Leave out every picture and set down, exactly, the lines below from the one holding "Могут ли ребра давить на внутренние органы?" up to and including the one holding "Finca rústica en venda a".

(LISTED ENTRIES)

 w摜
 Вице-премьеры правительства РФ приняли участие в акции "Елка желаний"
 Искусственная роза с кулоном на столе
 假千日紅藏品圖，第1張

(End LISTED ENTRIES)
(LISTED ENTRIES)

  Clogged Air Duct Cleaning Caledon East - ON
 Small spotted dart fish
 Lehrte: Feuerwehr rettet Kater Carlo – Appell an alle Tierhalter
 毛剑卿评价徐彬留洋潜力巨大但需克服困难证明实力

(End LISTED ENTRIES)
(LISTED ENTRIES)

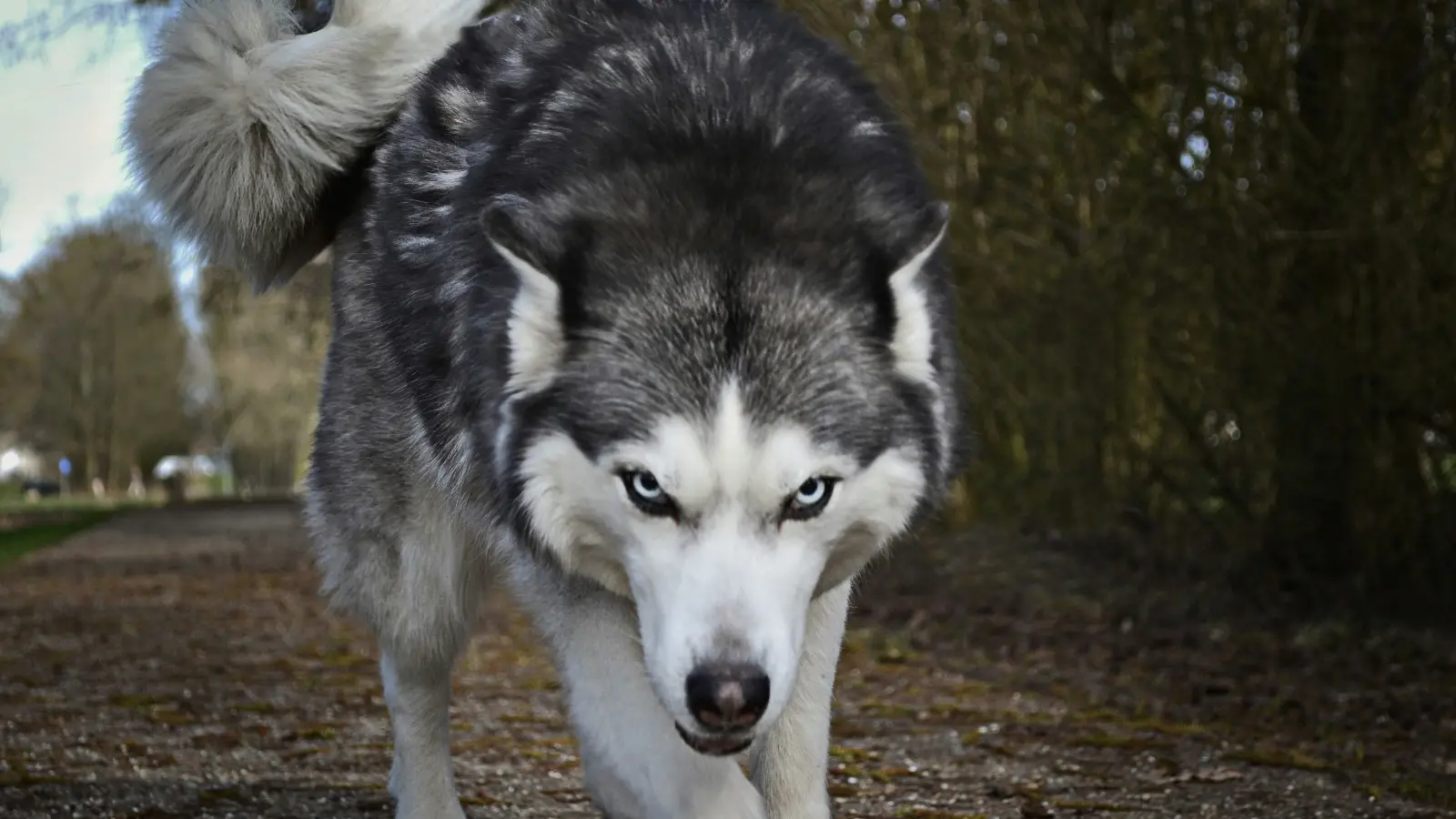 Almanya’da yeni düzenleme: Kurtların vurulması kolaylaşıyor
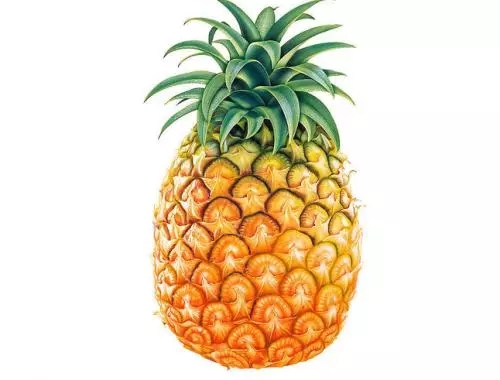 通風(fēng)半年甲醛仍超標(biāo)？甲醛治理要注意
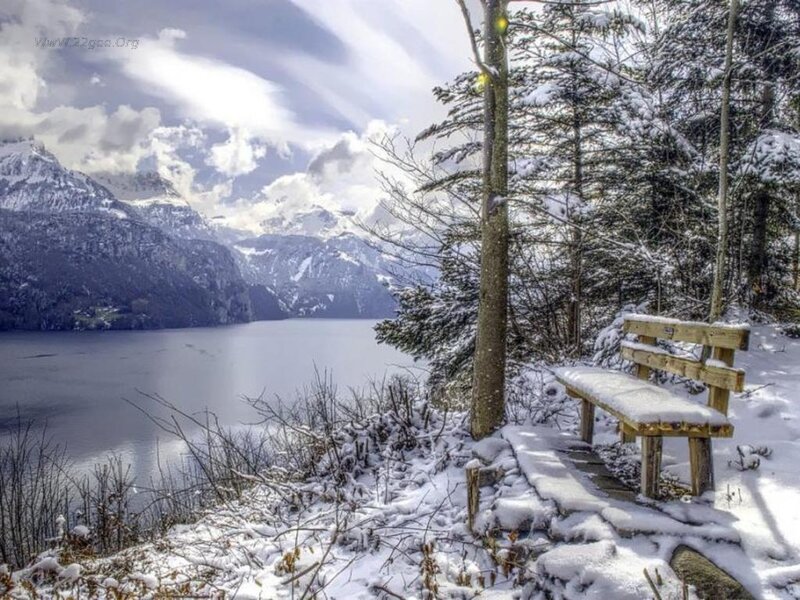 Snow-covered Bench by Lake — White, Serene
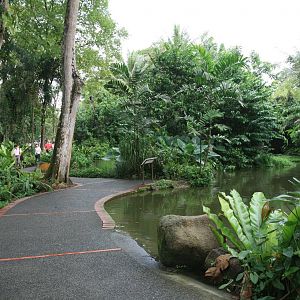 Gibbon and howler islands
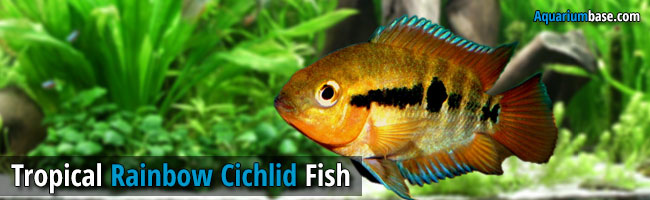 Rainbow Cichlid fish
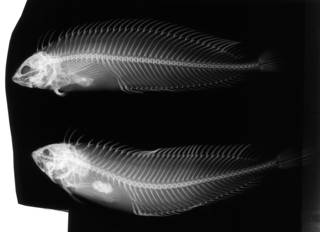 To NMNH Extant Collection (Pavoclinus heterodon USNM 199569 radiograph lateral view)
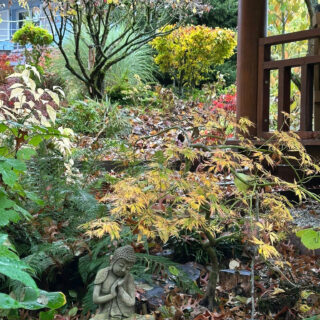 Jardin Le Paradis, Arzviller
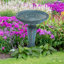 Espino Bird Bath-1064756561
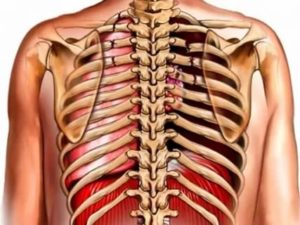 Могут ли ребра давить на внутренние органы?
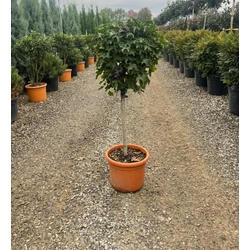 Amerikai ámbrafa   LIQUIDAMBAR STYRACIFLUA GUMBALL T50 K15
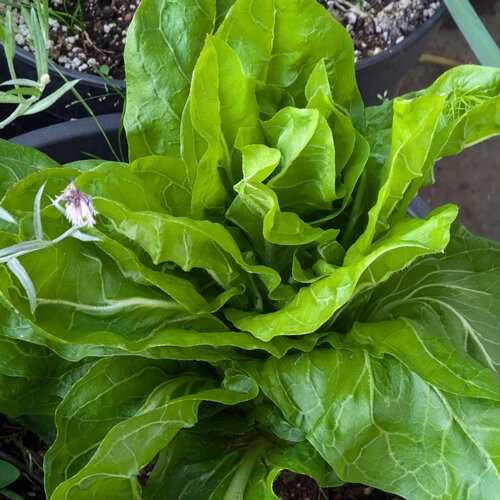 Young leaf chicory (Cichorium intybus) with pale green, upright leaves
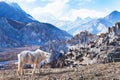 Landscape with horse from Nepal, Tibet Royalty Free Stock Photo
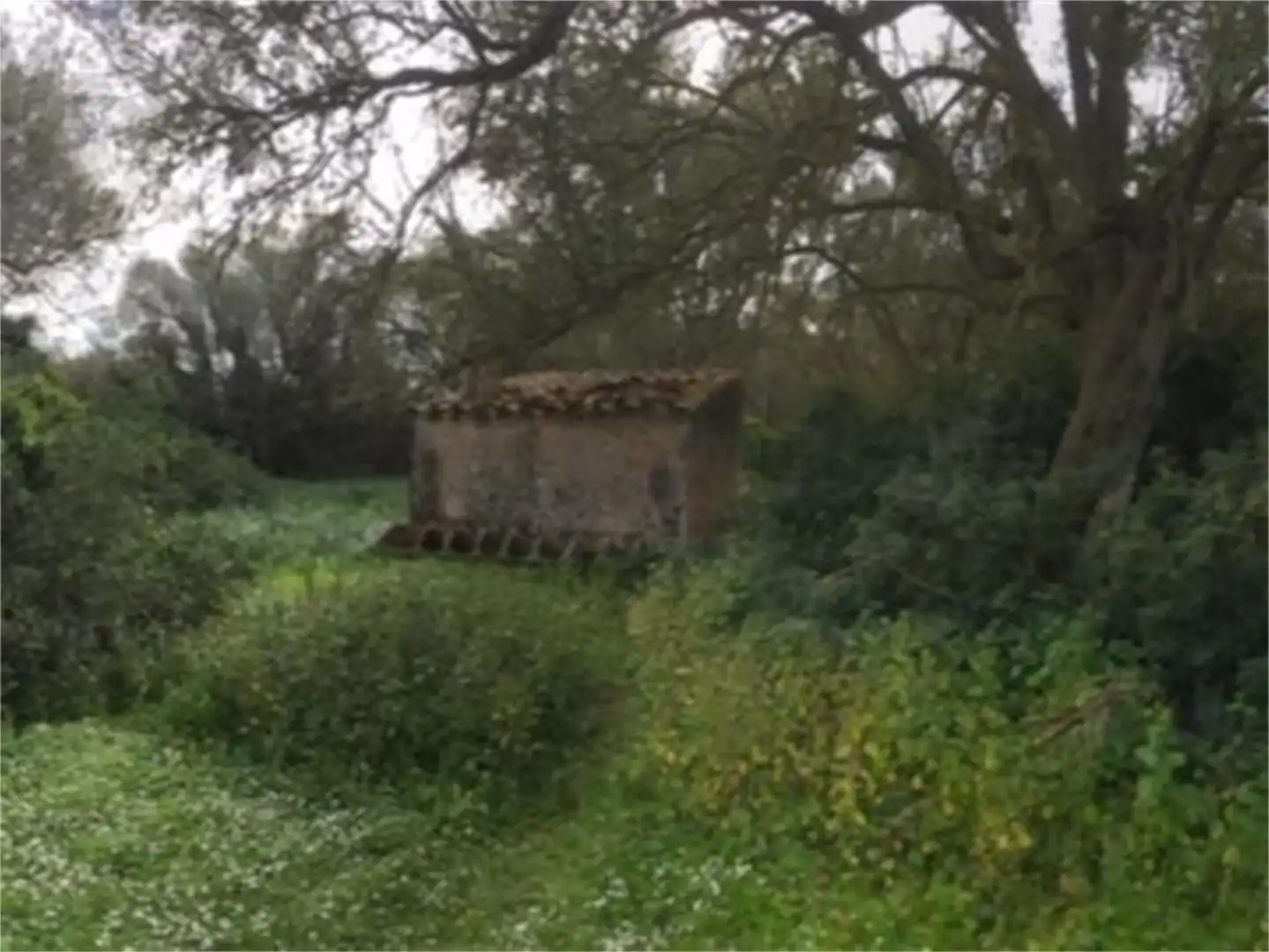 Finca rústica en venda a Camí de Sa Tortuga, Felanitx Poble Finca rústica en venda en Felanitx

(End LISTED ENTRIES)

- **SOLUTION TO THIS PROBLEM**
 Могут ли ребра давить на внутренние органы?
 Amerikai ámbrafa   LIQUIDAMBAR STYRACIFLUA GUMBALL T50 K15
 Young leaf chicory (Cichorium intybus) with pale green, upright leaves
 Landscape with horse from Nepal, Tibet Royalty Free Stock Photo
 Finca rústica en venda a Camí de Sa Tortuga, Felanitx Poble Finca rústica en venda en Felanitx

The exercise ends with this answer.